* _TASK_
Repeat exactly the lines of the material below that run from the "Mermaid Illustration Figurine Fairy PNG" line to the "Young Talents of" line, including both, and do not carry over any pictures.

* _AVAILABLE RECORDS_
---

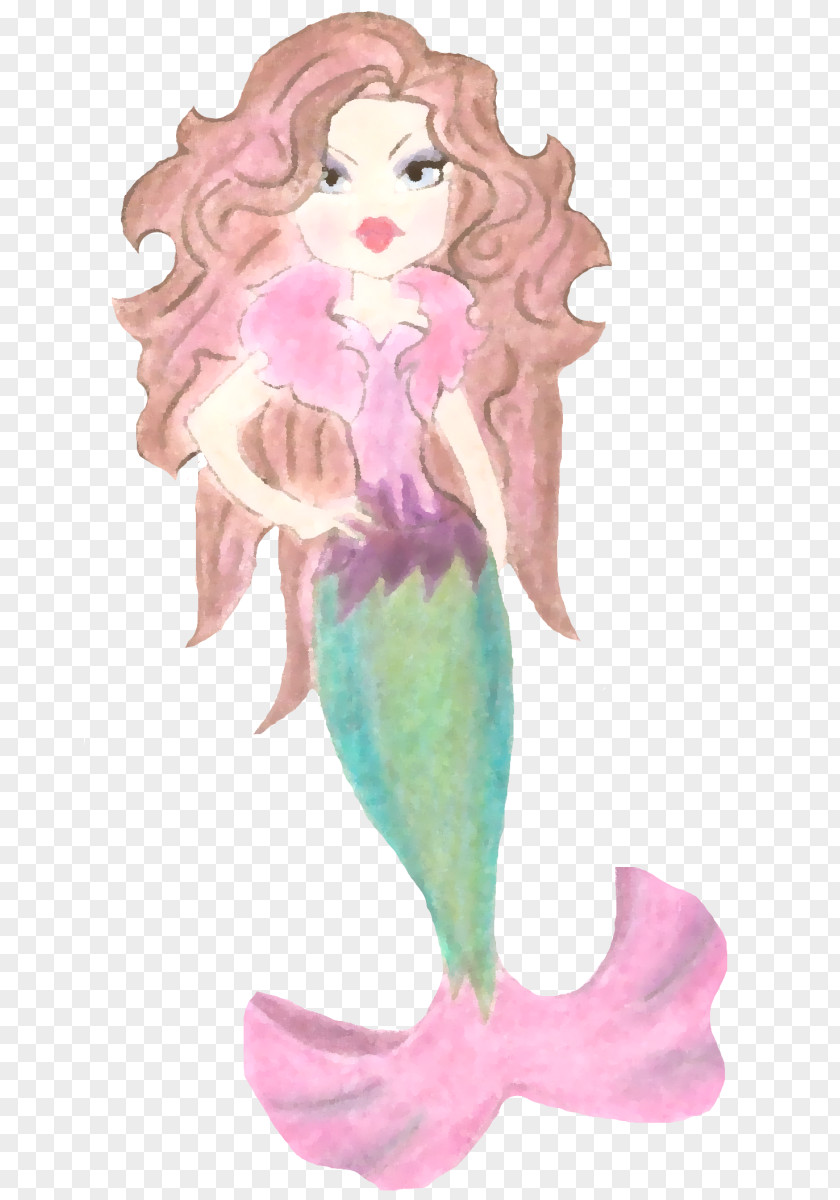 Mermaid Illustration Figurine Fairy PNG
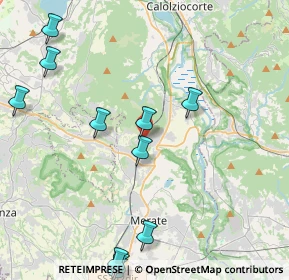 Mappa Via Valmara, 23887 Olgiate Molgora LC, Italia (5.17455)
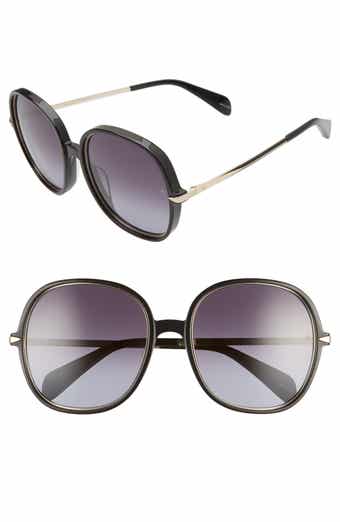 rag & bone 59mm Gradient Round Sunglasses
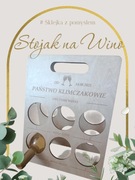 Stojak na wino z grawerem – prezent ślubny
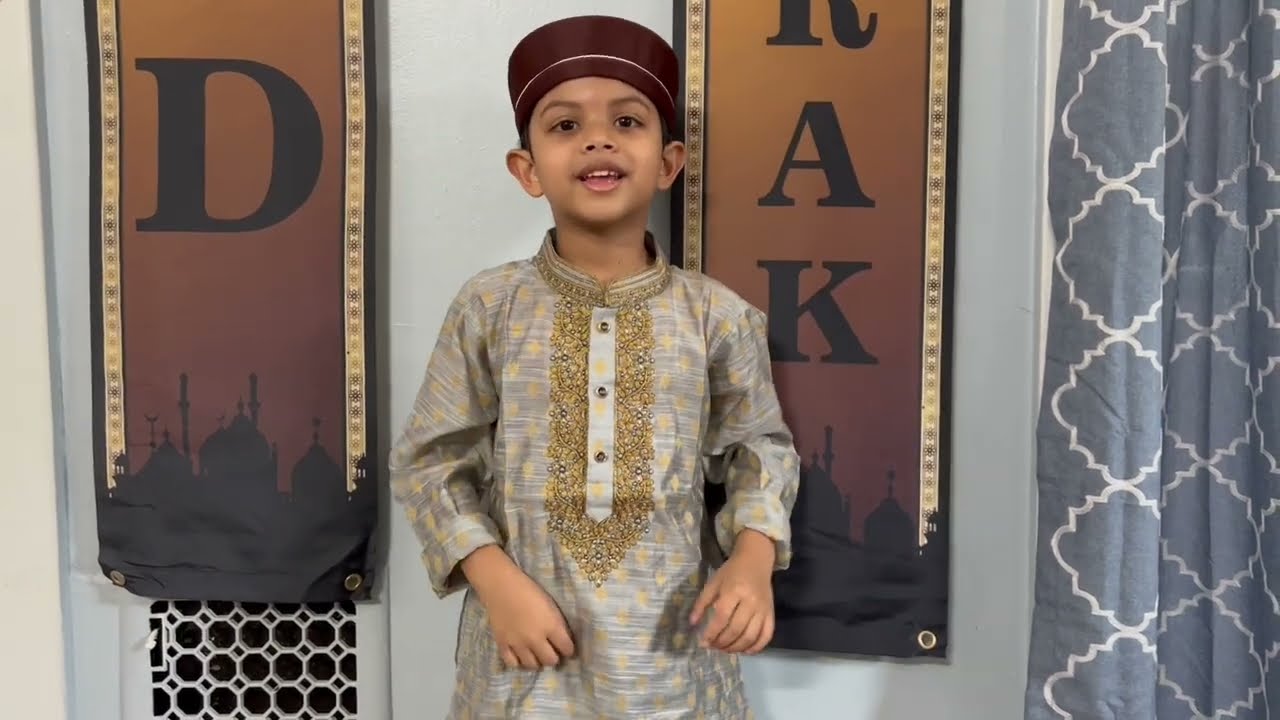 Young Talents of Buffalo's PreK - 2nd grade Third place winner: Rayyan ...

---

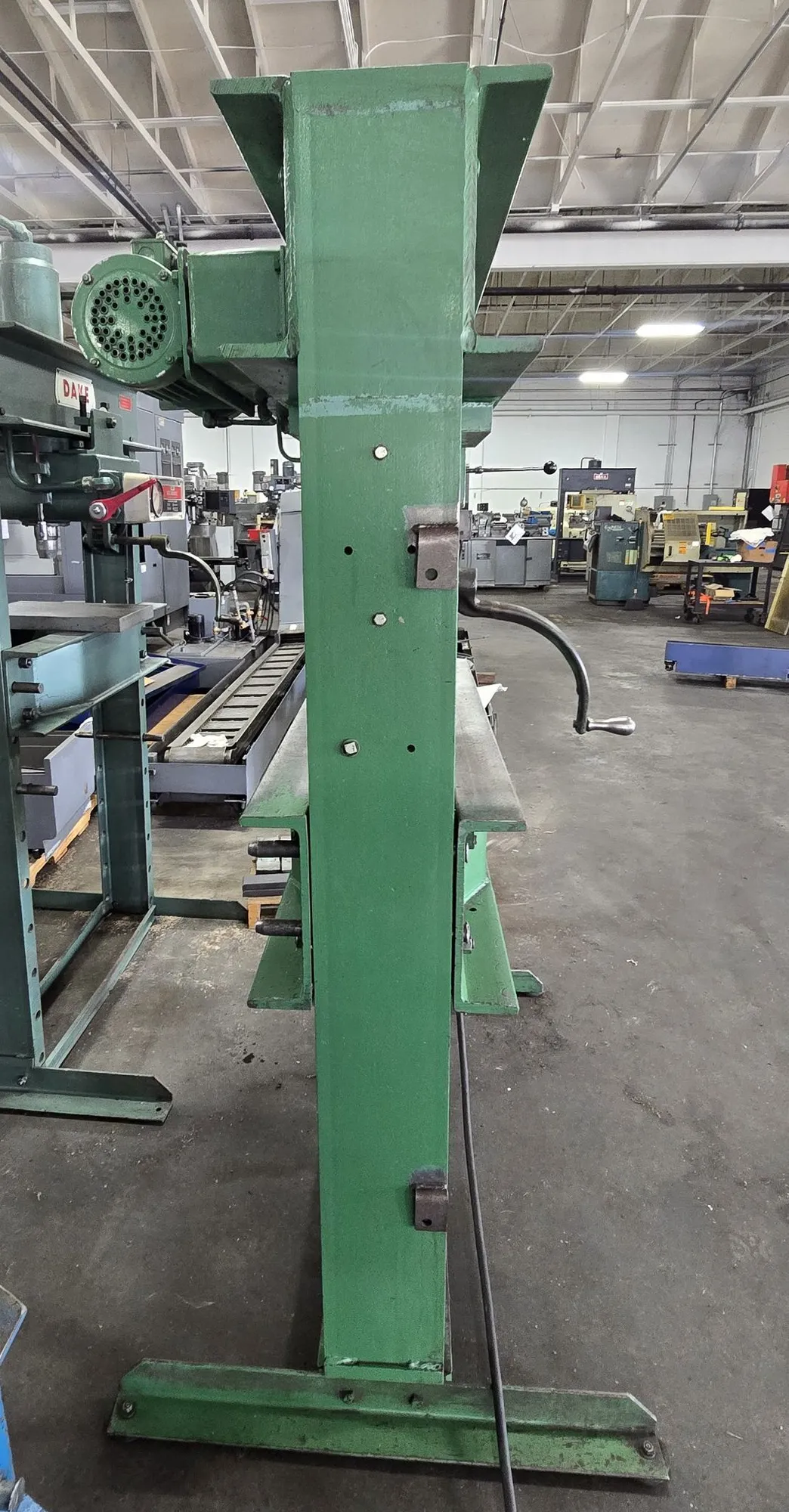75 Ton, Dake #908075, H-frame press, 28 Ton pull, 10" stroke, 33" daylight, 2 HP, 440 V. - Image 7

---

* _WRITTEN REPLY_
 Mermaid Illustration Figurine Fairy PNG
 Mappa Via Valmara, 23887 Olgiate Molgora LC, Italia (5.17455)
 rag & bone 59mm Gradient Round Sunglasses
 Stojak na wino z grawerem – prezent ślubny
 Young Talents of Buffalo's PreK - 2nd grade Third place winner: Rayyan ...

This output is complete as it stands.